Os caminhos processuais como vias de transporte
Esta nova leitura dos Templos do Vale altera também a interpretação dos longos e retos caminhos que ligavam cada templo à sua respetiva pirâmide. A tradição histórica identificava-os essencialmente como percursos processuais — os caminhos pelos quais a múmia do faraó era transportada num ritual de purificação. E essa função religiosa é real e não está em causa.
Mas o estudo sobre o Rama Ahramat permite uma interpretação adicional: esses caminhos retos e largos poderiam ser também os últimos metros percorridos pelos blocos de pedra em terra firme antes de serem finalmente incorporados nas estruturas das pirâmides — uma fusão funcional entre logística e cerimónia que seria inteiramente coerente com o caráter multidimensional da civilização do Antigo Egito.
O precedente de Saqqara
Significativamente, a investigação sugere que o sistema do Rama Ahramat não se limitava ao Planalto de Gizé. A pirâmide de Unis, na necrópolis de Saqqara, possui igualmente o seu próprio Templo do Vale — e a hipótese de que funcionava de forma análoga como ponto de descarga fluvial é agora uma possibilidade que os investigadores levam a sério.
O Rama Ahramat e o transporte dos blocos - desmontando teorias da conspiração
As pinturas do Antigo Egito como prova documental
A descoberta do Rama Ahramat insere-se num contexto mais amplo de compreensão da logística da construção das Pirâmides de Gizé — um tema que tem gerado, ao longo dos séculos, algumas das teorias da conspiração mais fantasiosas da história, incluindo as que atribuem a sua construção à intervenção de extraterrestres.
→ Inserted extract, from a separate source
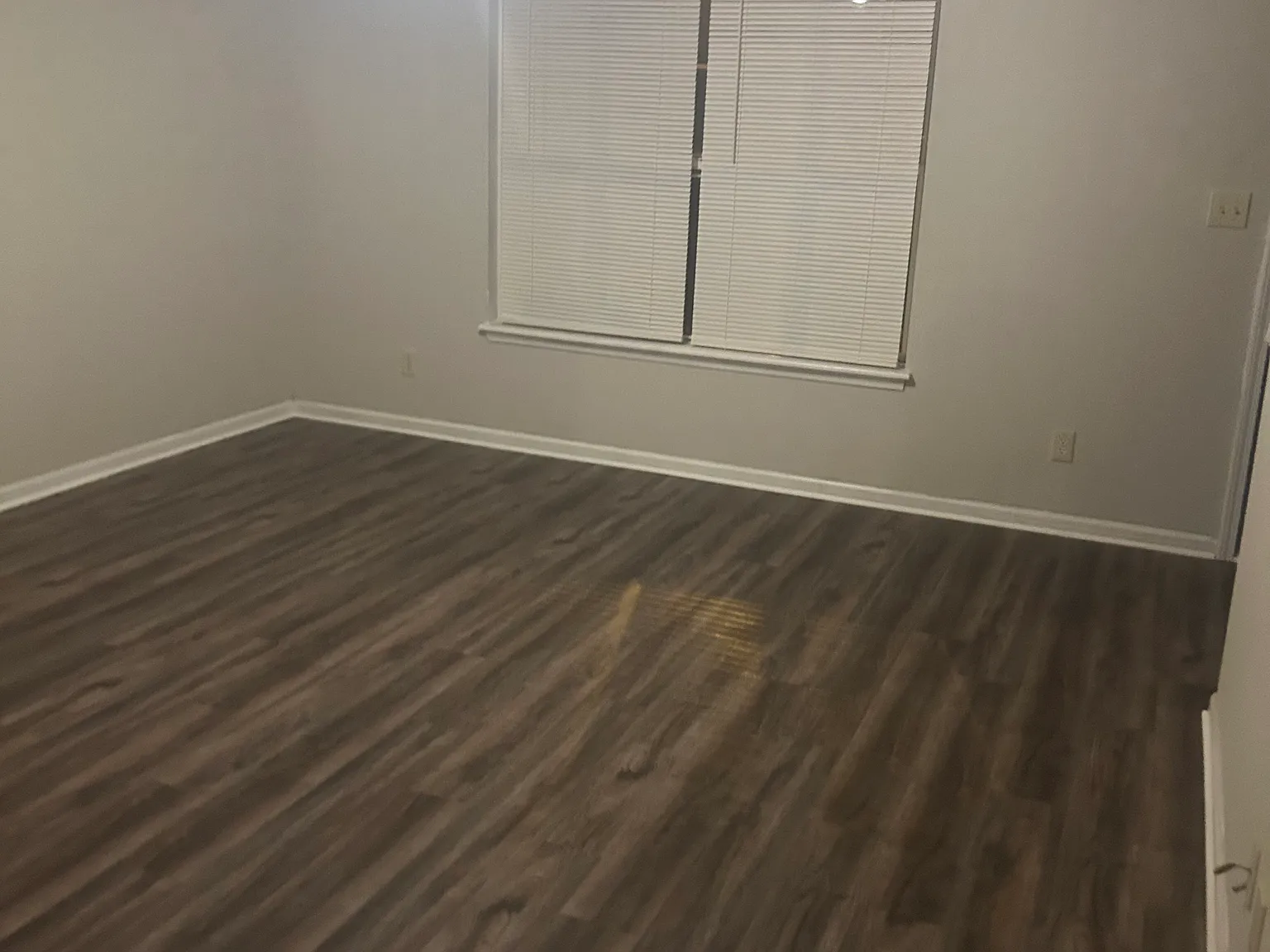 2 bed, 2.5 bath, 1152 sqft, $1,125 — Photo 2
Um dos argumentos mais frequentemente repetidos é a suposta impossibilidade de transportar blocos de pedra de tão grandes dimensões com os meios técnicos disponíveis na época.
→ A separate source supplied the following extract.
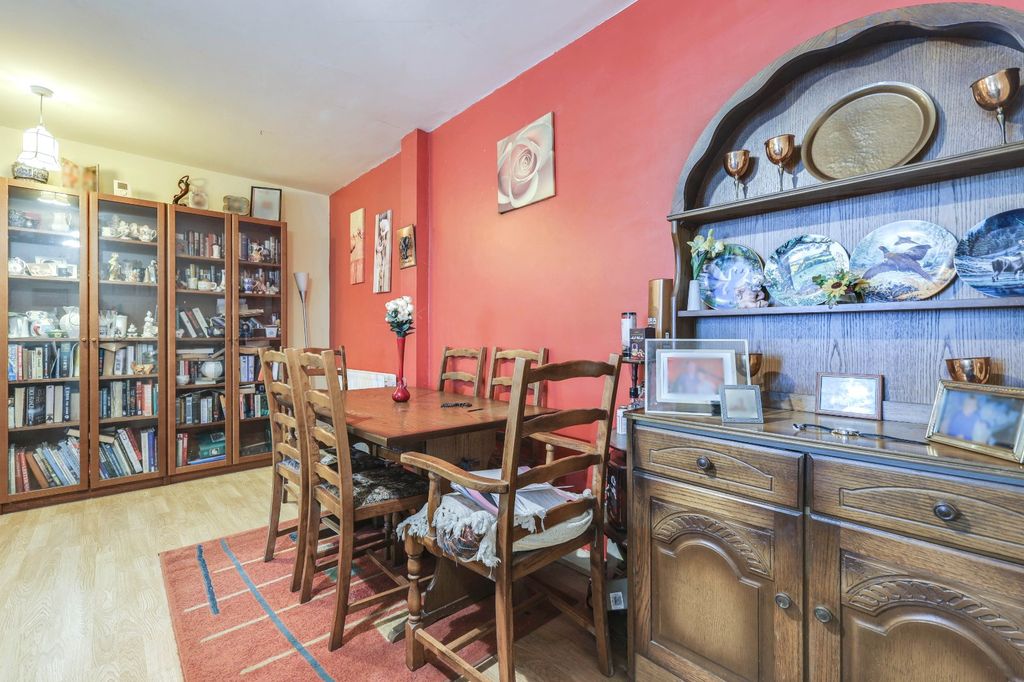 Property photo 3 of 13 Picture No. 05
Mas a realidade histórica do Antigo Egito é muito mais audaciosa e criativa do que essas teorias admitem. E a prova não requer pesquisa elaborada — requer apenas observação: existem pinturas e relevos do Antigo Egito que retratam explicitamente a atividade de transporte de blocos de pedra em barcos fluviais. Um dos exemplos mais documentados encontra-se nas pinturas do Museu Egípcio no Cairo, provenientes da tumba de Ipi (da 6ª Dinastia) em Saqqara — representações que ilustram com clareza o tipo de transporte que os construtores das Pirâmides de Gizé terão realizado ao longo do Rama Ahramat.
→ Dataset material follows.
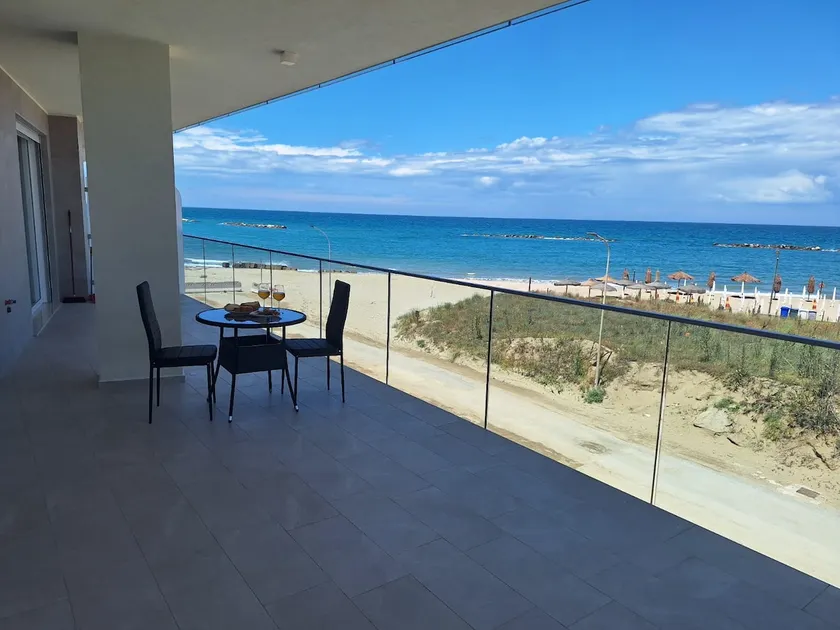 Beachfront dream – 2 Bedrooms with Wow View! - Image 1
O transporte terrestre - também documentado
Quanto aos últimos metros do percurso — o transporte terrestre entre os Templos do Vale e as próprias pirâmides —, as centenas de metros envolvidas são, em perspetiva histórica, um desafio modesto. As pinturas da tumba de Dyehutihotep (da 11ª Dinastia) em Deir El-Barsha mostram como estátuas colossais de grande peso podiam ser transportadas por dezenas de quilómetros por terra — o que torna o trajeto final até às Pirâmides de Gizé uma questão de organização e esforço, não de impossibilidade técnica.